[Task requirements] Your answer must be the records below, given again exactly, with no pictures in it.

[Extracted information]
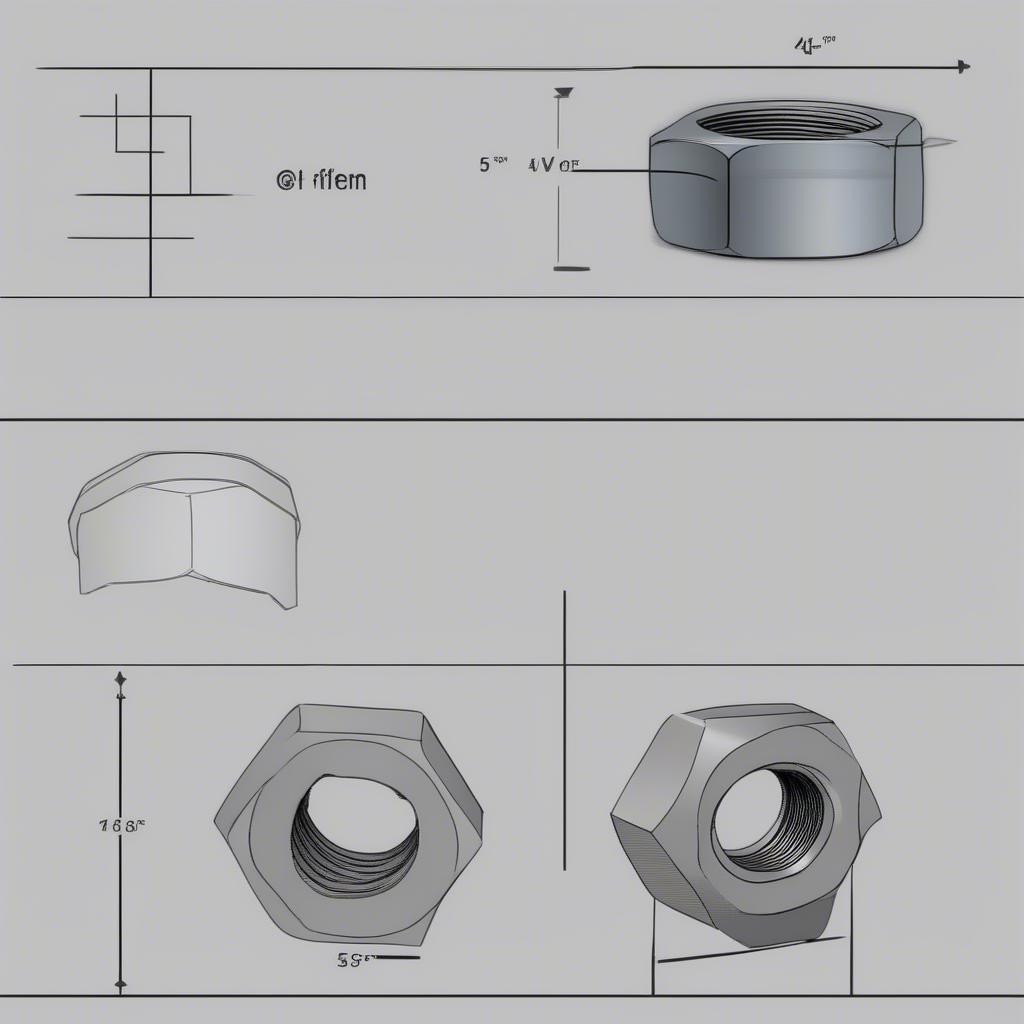 Phân biệt ê cu 5.6 và 5.8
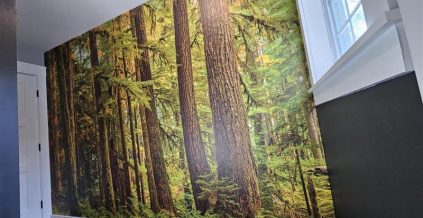 Custom Wallpaper Installation in Bridgton ...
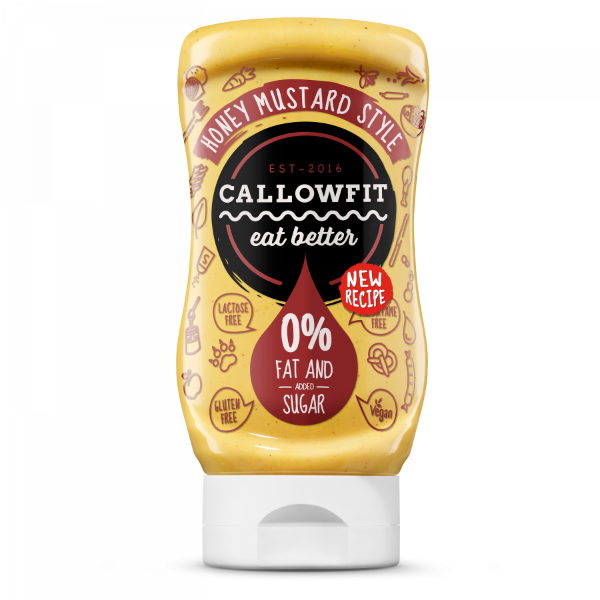 Honey Mustard  Callowfit 300ml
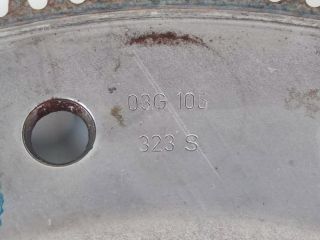 bontott AUDI A4 B8 Fogaskoszorú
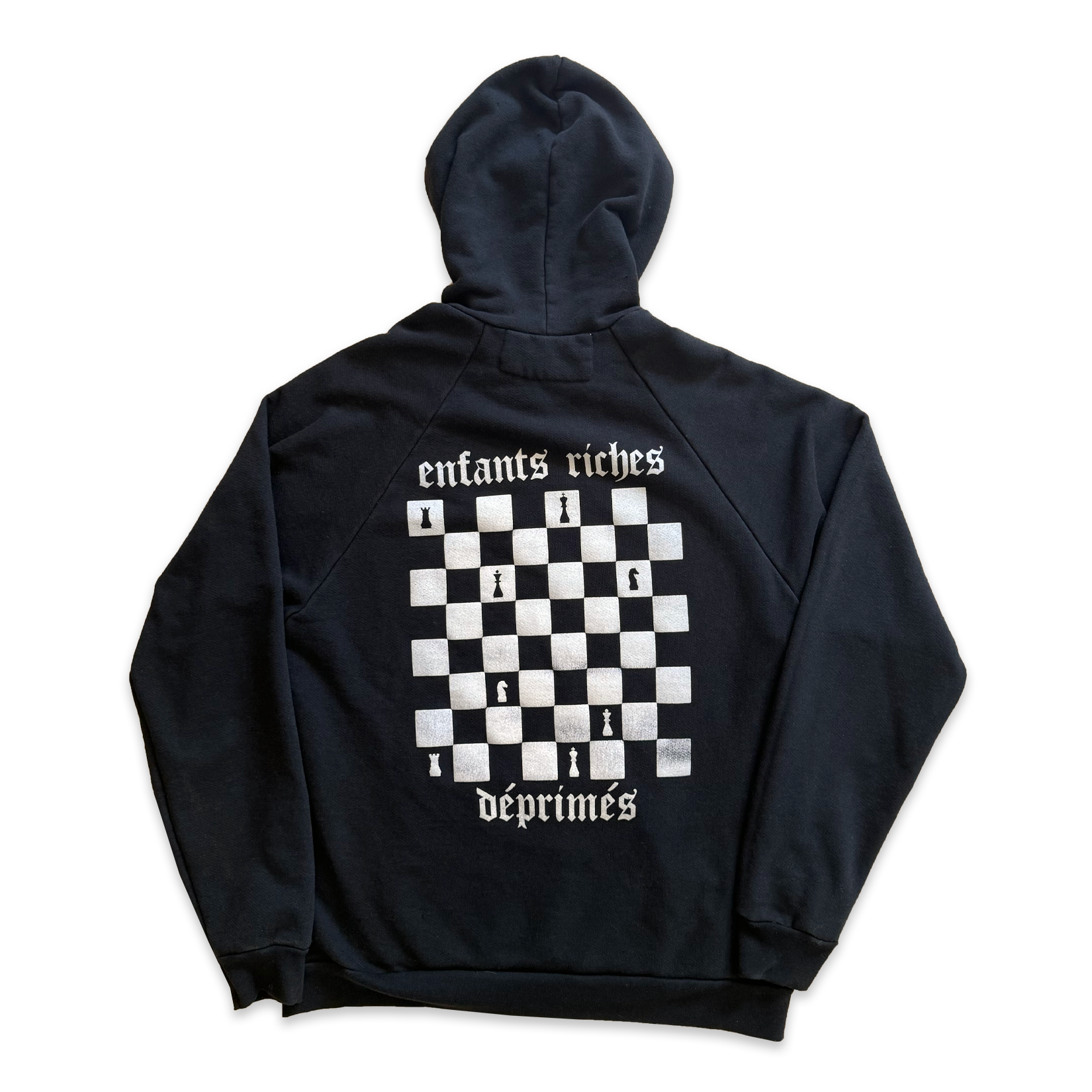 Enfants Riches Deprimes SS17 Chess Checkerboard Hoodie (4th Collection)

[Solution for this problem]
 Phân biệt ê cu 5.6 và 5.8
 Custom Wallpaper Installation in Bridgton ...
 Honey Mustard  Callowfit 300ml
 bontott AUDI A4 B8 Fogaskoszorú
 Enfants Riches Deprimes SS17 Chess Checkerboard Hoodie (4th Collection)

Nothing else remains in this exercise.